▶ _Problem to solve_
Copy out the full data exactly as given; pictures should not be included.
=== Data records ===
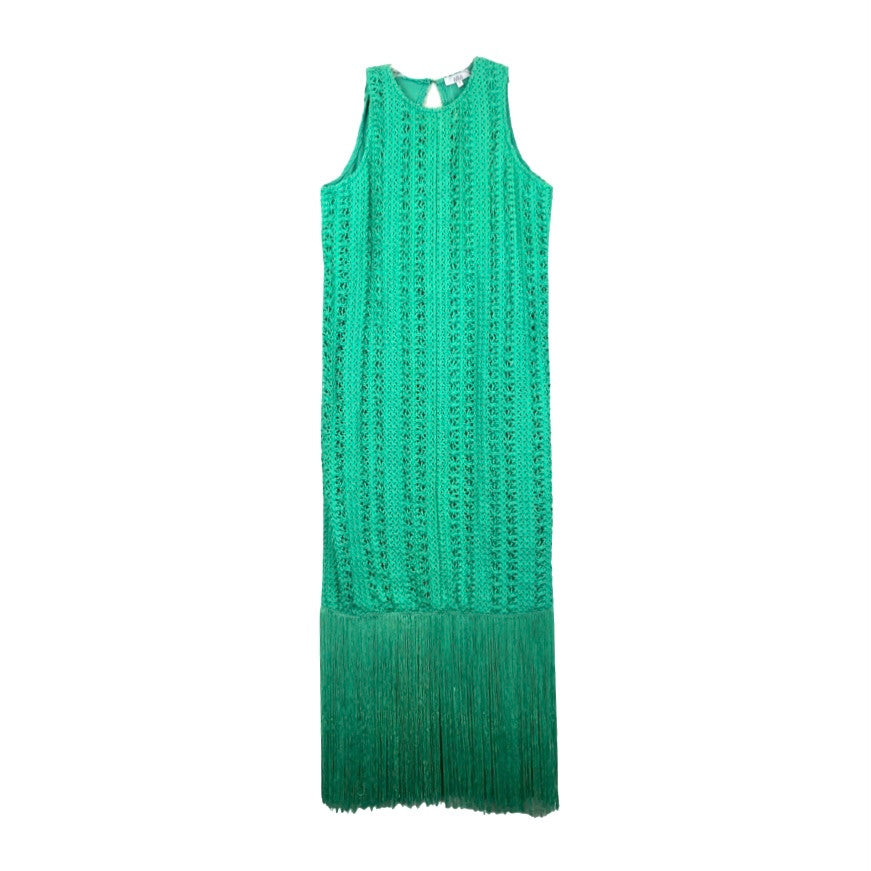 Area Stars Crochet Fringe Hem Dress-Thumbnail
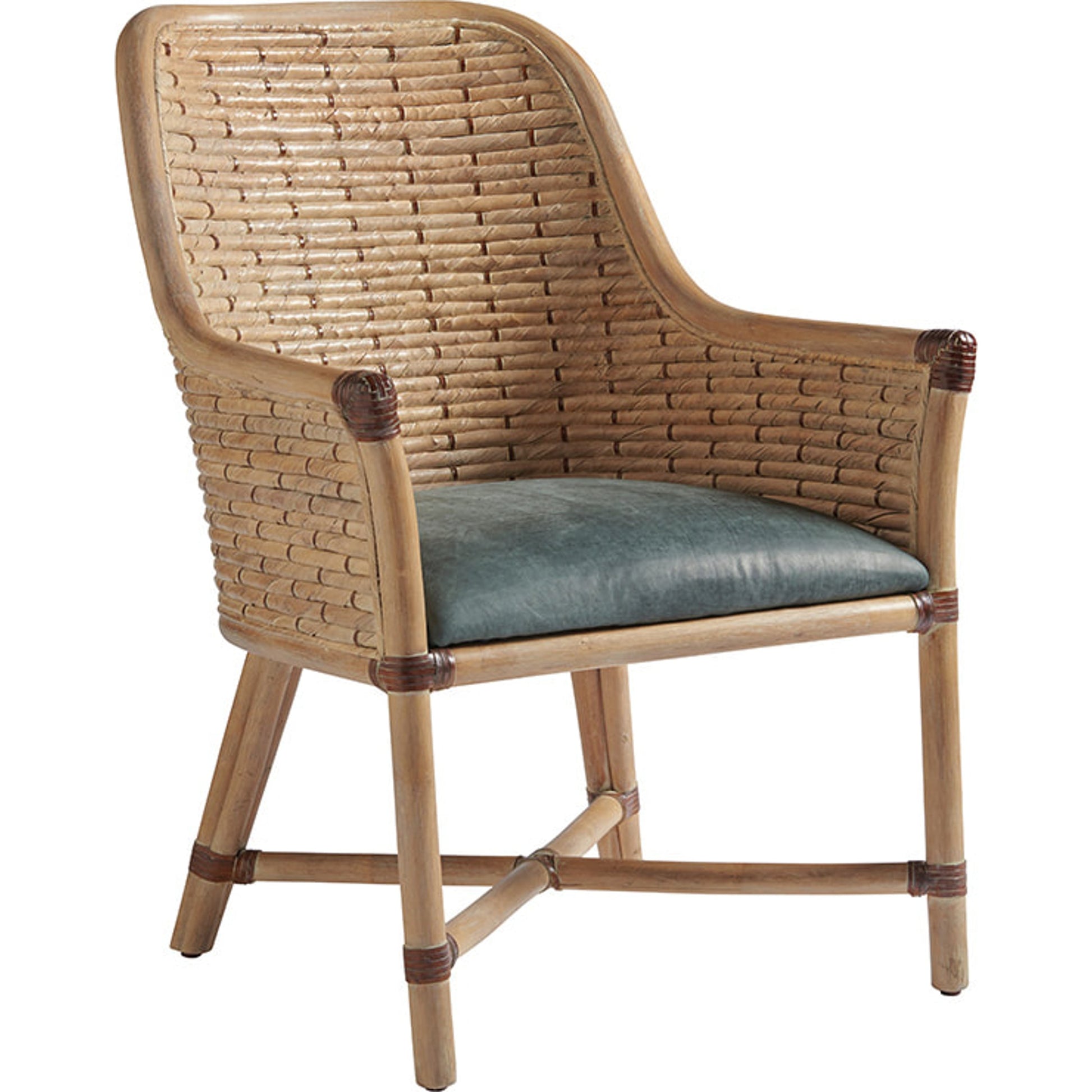 Keeling Woven Arm Chair by Tommy Bahama Home. Made from unique in a coastal style.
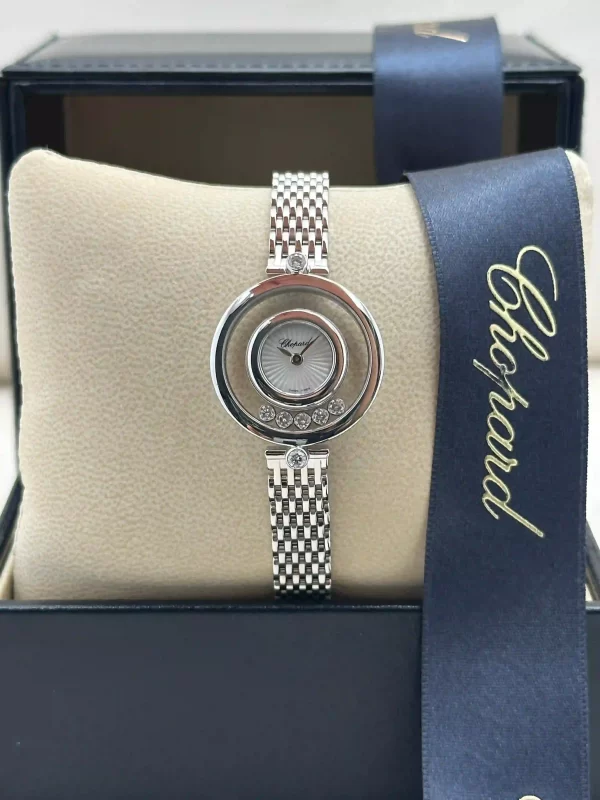 Chopard-Happy-Diamonds-Icons-Watch-4527-18k-White-Gold-Guilloche-MOP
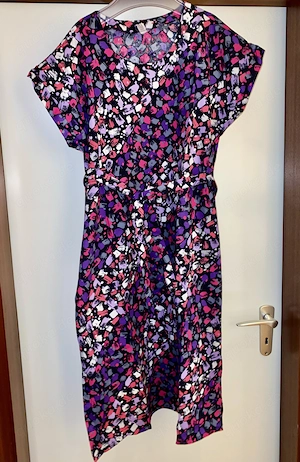 Freizeit-  Sommerkleid Gr.44-46 BW 55 cm Baumwolle Kurzarm farbenfrohes Muster  NEU Bild 2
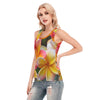 Last of the Summer Frangipani Women's Skinny Sport Tank Top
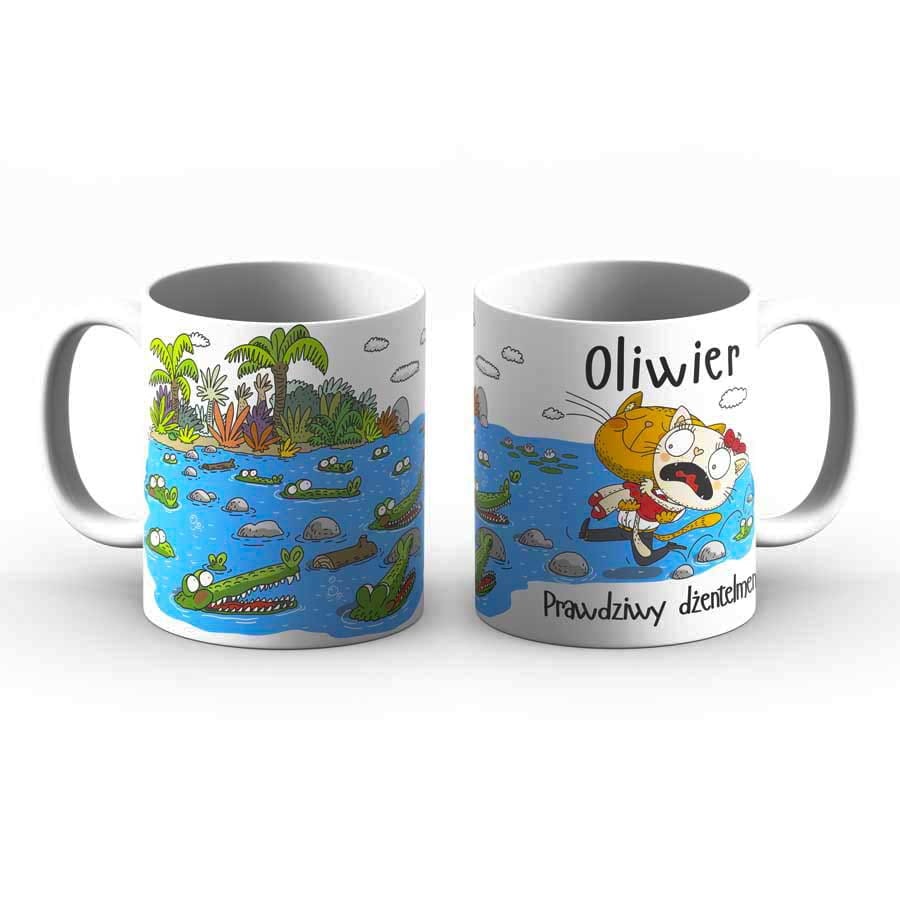 Kubek z imieniem - Oliwier prawdziwy dżentelmen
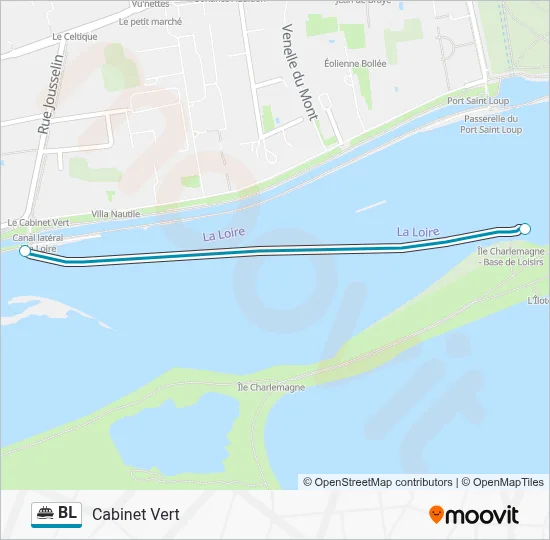BL Ferry Line Map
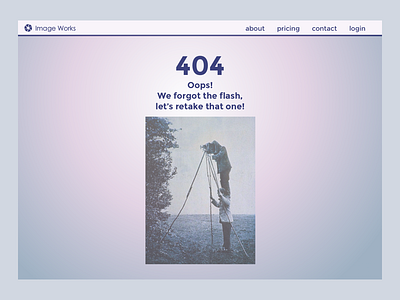 404 Page 404 page daily ui error page responsive ui ux visual design web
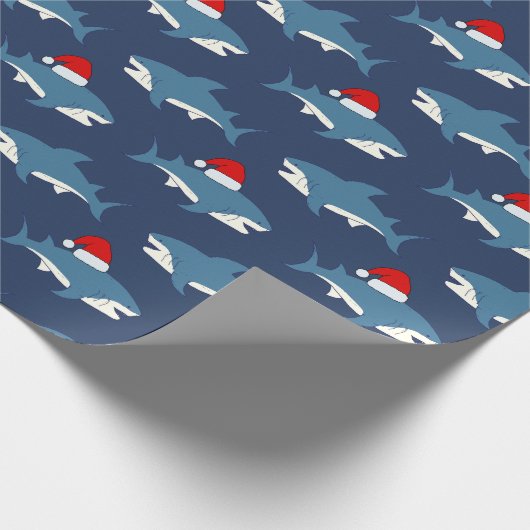 kersthaai cadeaupapier (Hoek)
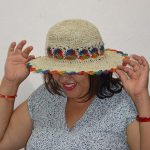 Crochet Flower Hemp Hats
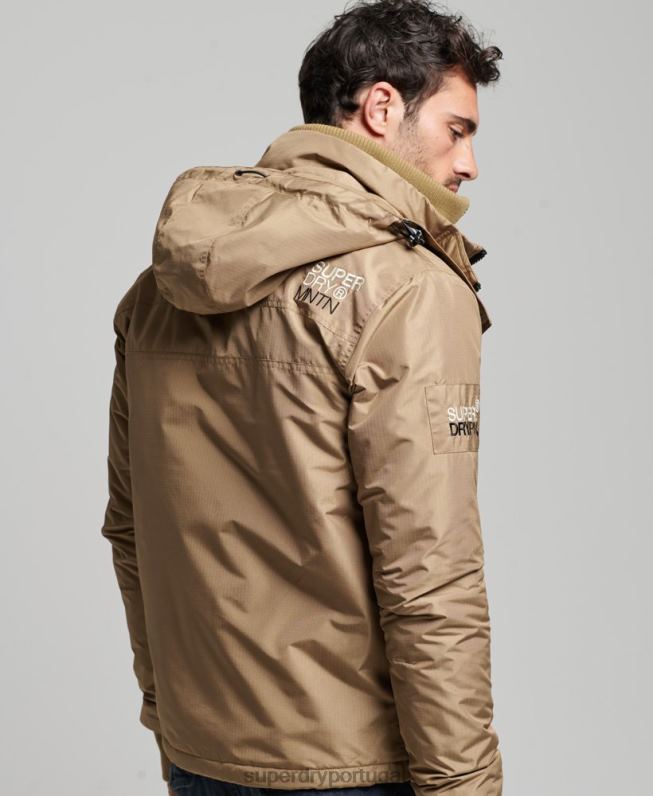 jaqueta blusão mountain sd homens marrom roupas Superdry 2208H1111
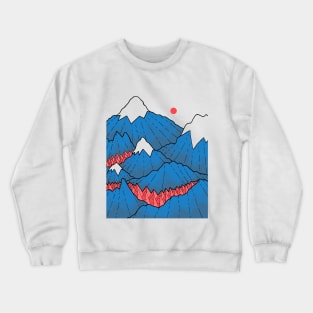 The deep blue mountains Crewneck Sweatshirt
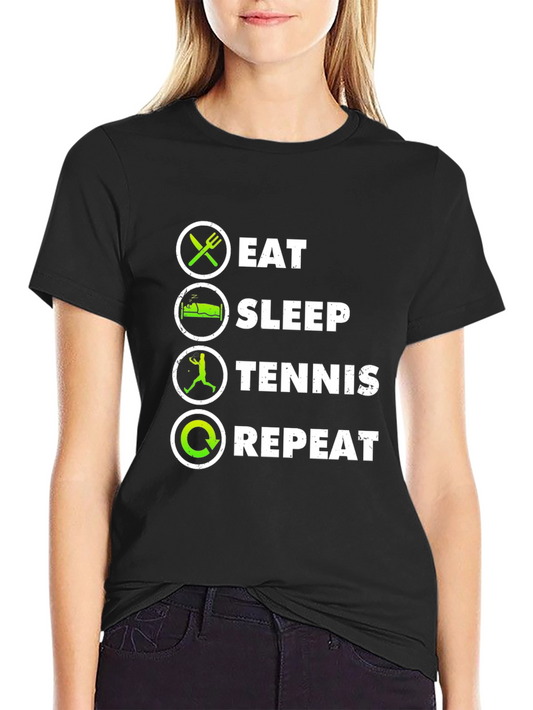 Eat Sleep Tennis Repeat T-Shirt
===
▶ _Written answer_
 Area Stars Crochet Fringe Hem Dress-Thumbnail
 Keeling Woven Arm Chair by Tommy Bahama Home. Made from unique in a coastal style.
 Chopard-Happy-Diamonds-Icons-Watch-4527-18k-White-Gold-Guilloche-MOP
 Freizeit-  Sommerkleid Gr.44-46 BW 55 cm Baumwolle Kurzarm farbenfrohes Muster  NEU Bild 2
 Last of the Summer Frangipani Women's Skinny Sport Tank Top
 Kubek z imieniem - Oliwier prawdziwy dżentelmen
BL Ferry Line Map
 404 Page 404 page daily ui error page responsive ui ux visual design web
 kersthaai cadeaupapier (Hoek)
 Crochet Flower Hemp Hats
 jaqueta blusão mountain sd homens marrom roupas Superdry 2208H1111
 The deep blue mountains Crewneck Sweatshirt
 Eat Sleep Tennis Repeat T-Shirt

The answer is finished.